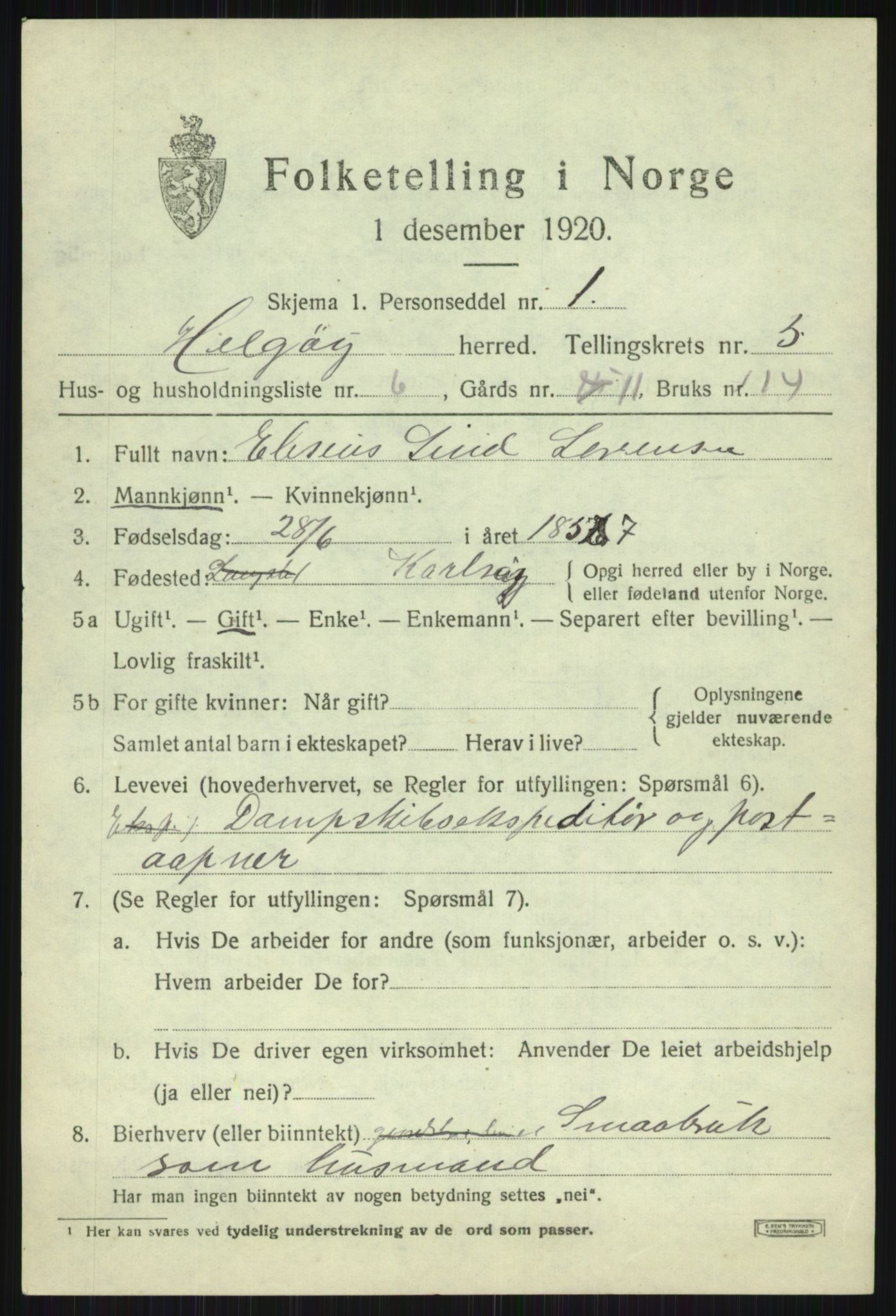 SATØ, 1920 census for Helgøy, 1920, p. 2001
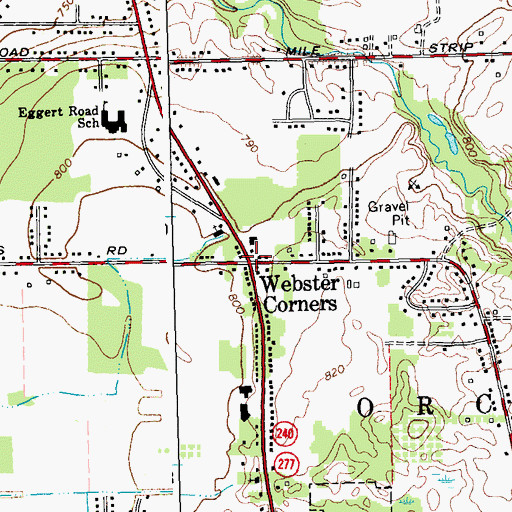 Topographic Map of Webster Corners, NY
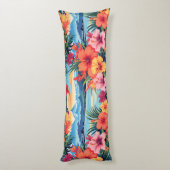 Coussins Longs Fleurs tropicales colorées et paysage (Dos (Vertical))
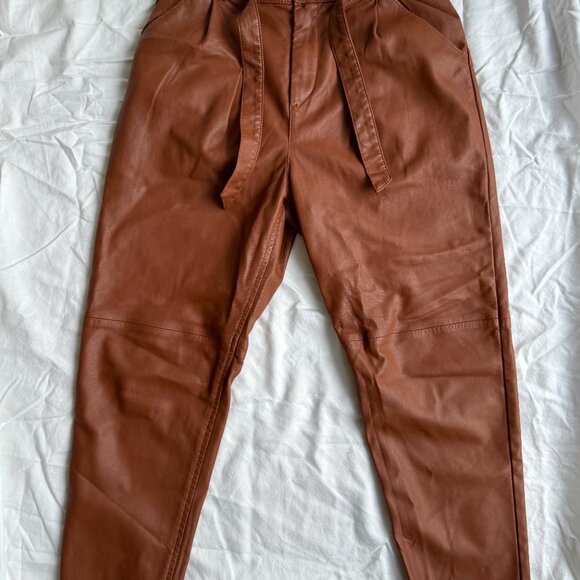 Free People Cognac Faux Leather Belted Paperbag Pants | Size 2 - Picture 3 of 5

§ EXERCISE REQUIREMENTS
Give the data above back unchanged, except for the pictures.

§ YOUR RESPONSE
 SATØ, 1920 census for Helgøy, 1920, p. 2001
 Topographic Map of Webster Corners, NY
 Coussins Longs Fleurs tropicales colorées et paysage (Dos (Vertical))
 Free People Cognac Faux Leather Belted Paperbag Pants | Size 2 - Picture 3 of 5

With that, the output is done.